A Haunted Land, 1956
The Bystander, 1957
To the Islands, 1958
The Merry-Go-Round in the Sea, 1965
The Girl Green as Elderflower, 1980
The Suburbs of Hell, 1984
Act One, 1957
Outrider: Poems, 1956-1962, 1962
A Counterfeit Silence: Selected Poems, 1969
Eight Songs for a Mad King, pr. 1969 (libretto; music by Peter Maxwell Davies)
Miss Donnithorne’s Maggot, pr. 1974 (libretto; music by Davies)
Children’s/Young Adult Literature:
Midnite: The Story of a Wild Colonial Boy, 1967
Randolph Stow: Visitants, Episodes from Other Novels, Poems, Stories, Interviews, and Essays, 1990 (Anthony J. Hassall, editor)
Julian Randolph Stow was born in Western Australia, where his father was a lawyer. The largely autobiographical novel The Merry-Go-Round in the Sea gives an account of his childhood experiences there. His first novel, A Haunted Land, and most of the poems in Act One were written while he was an undergraduate at the University of Western Australia. He spent his years there studying English and French literature and avidly reading in other European literatures. The reading of these years shows in a number of his novels, but especially in the rich allusiveness of To the Islands. The Bystander, Stow’s second novel, was written after he graduated. In 1957 Stow worked for some months on an Aboriginal mission in the northwestern corner of Australia, and from his experiences there was born what most critics consider to be his masterpiece and one of the best Australian novels of the twentieth century, To the Islands. Tourmaline, too, in the geographical isolation of its setting, reflects his sense at the mission of being at the world’s end, as if he were at a remote settlement within the remote settlement of Western Australia.

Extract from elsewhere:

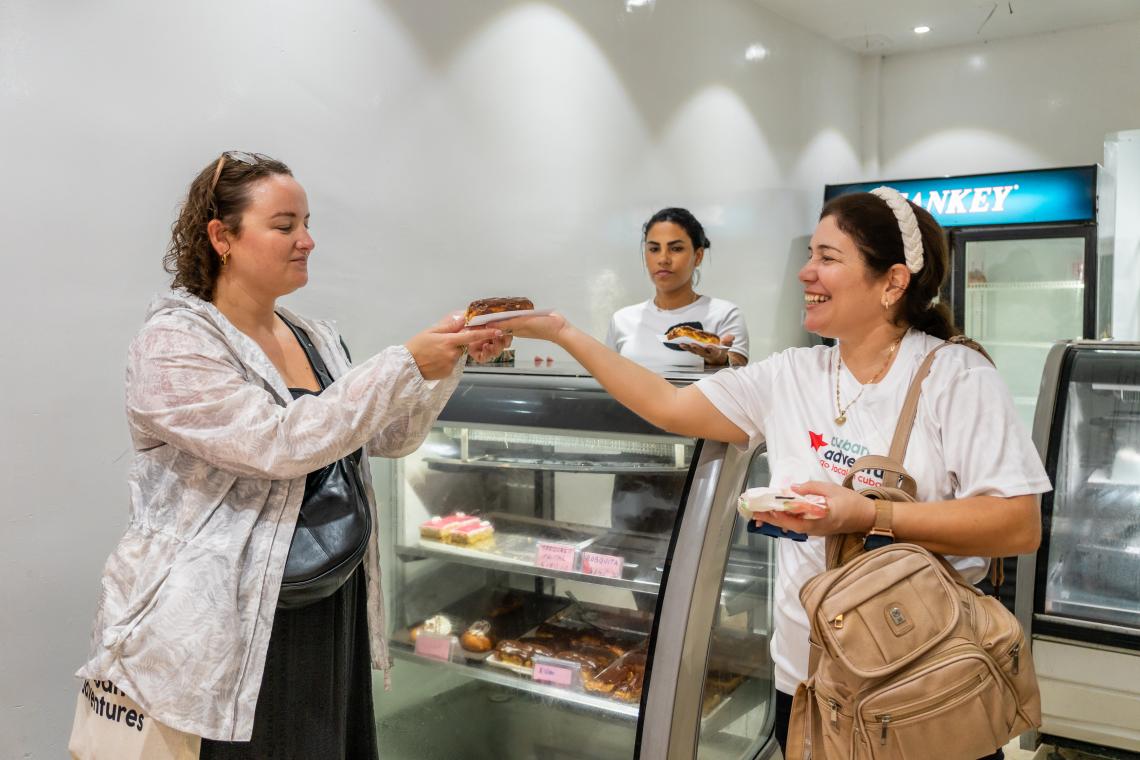 A Cuban Adventures tour guide hands a piece of cake to a tourist in a Havana bakery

After studying anthropology at the University of Sydney, Stow worked as an assistant anthropologist in the Trobriand Islands off northeastern New Guinea until he suffered a physical and emotional collapse there. Visitants, which he wrote twenty years later, is based upon these experiences. In 1960 Stow moved to England. Soon after first arriving in England he was awarded a Harkness Fellowship in the United States, where he wrote The Merry-Go-Round in the Sea, a fairly cheerful account of his childhood. The next fourteen years were unproductive, from a literary viewpoint, until after he finished Visitants in 1979, which was followed one year later by The Girl Green as Elderflower and in 1984 by The Suburbs of Hell. Outrider, Stow’s second book of verse, was published after he moved to England. His main book of verse, however, is considered to be A Counterfeit Silence.

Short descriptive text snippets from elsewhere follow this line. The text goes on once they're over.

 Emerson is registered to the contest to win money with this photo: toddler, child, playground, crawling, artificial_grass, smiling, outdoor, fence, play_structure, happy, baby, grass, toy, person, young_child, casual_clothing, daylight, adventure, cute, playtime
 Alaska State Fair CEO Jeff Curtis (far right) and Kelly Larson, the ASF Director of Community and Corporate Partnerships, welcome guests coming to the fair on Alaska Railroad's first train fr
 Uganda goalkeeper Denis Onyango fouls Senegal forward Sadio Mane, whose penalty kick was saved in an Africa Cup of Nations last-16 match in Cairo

Stow is one of the earliest of a group of Australians–writers such as Bruce Beaver, David Malouf, Roger McDonald, and Rodney Hall–who during the period from the 1960’s to the 1980’s wrote both fiction and poetry. That association of genres is especially a phenomenon of this time, an expression perhaps of the breakdown of formal distinctions between genres. Few of these writers, however, have written novels strong in narrative content; their novels, like Stow’s, tend to be elusive. Moreover, Stow, as a number of critics have remarked, has always had difficulty in harmonizing romantic and realistic elements in his novels. The works that are freest of that difficulty are To the Islands, in which the level of poetic intensity is steadily maintained, and The Merry-Go-Round in the Sea, a warm and relaxed record of childhood years.

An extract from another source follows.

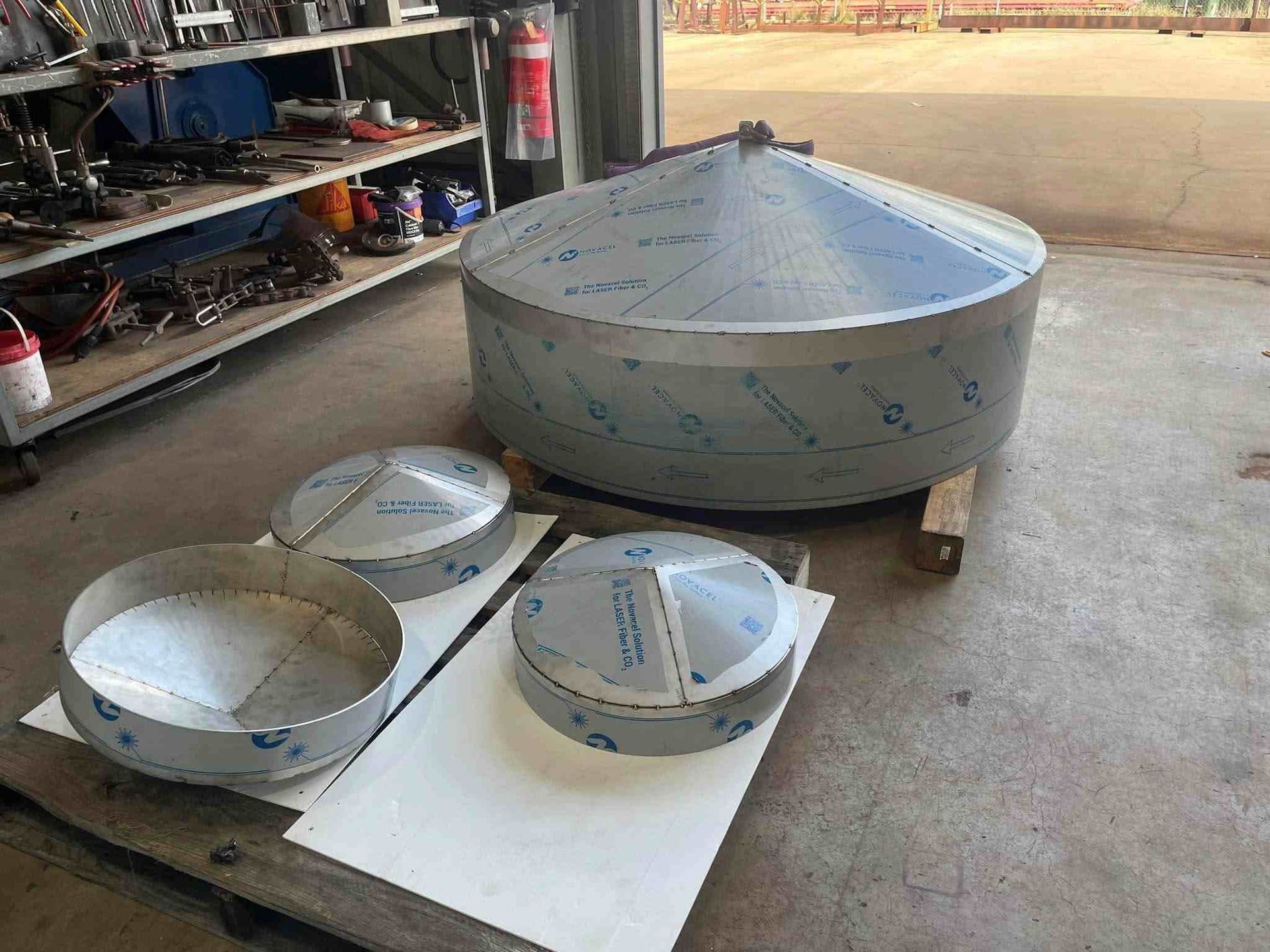 A Large Stainless Steel Object is Sitting on Top of a Table — Roll Press NT In Tivendale, NT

It is difficult to generalize about Stow, for each of his novels is different from the others; change rather than development characterizes his literary career. His work shows not so much recurrent themes as areas of interest: a penchant for the romantic (whether medieval or nineteenth century Romantic), for the anthropological, and for the symbolism of the twentieth century French movement. Linear narrative and realism do not appeal to him. There are fewer restraints operating upon his poetry than upon his fiction, and the best of his poetry, especially his love poems, is more accessible than his novels. Stow’s works, like the man himself, are elusive and, except in the case of the two novels mentioned, have a withheld quality about them. The events and personages of his novels are always seen at a distance and are obscured underneath technical experimentation. As early as in the epigraph to A Counterfeit Silence–a quotation from Thornton Wilder, “Even speech was for them a debased form of silence; how much more futile is poetry, which is a debased form of speech”–Stow betrayed an ambivalence toward writing, a reluctance to communicate in words.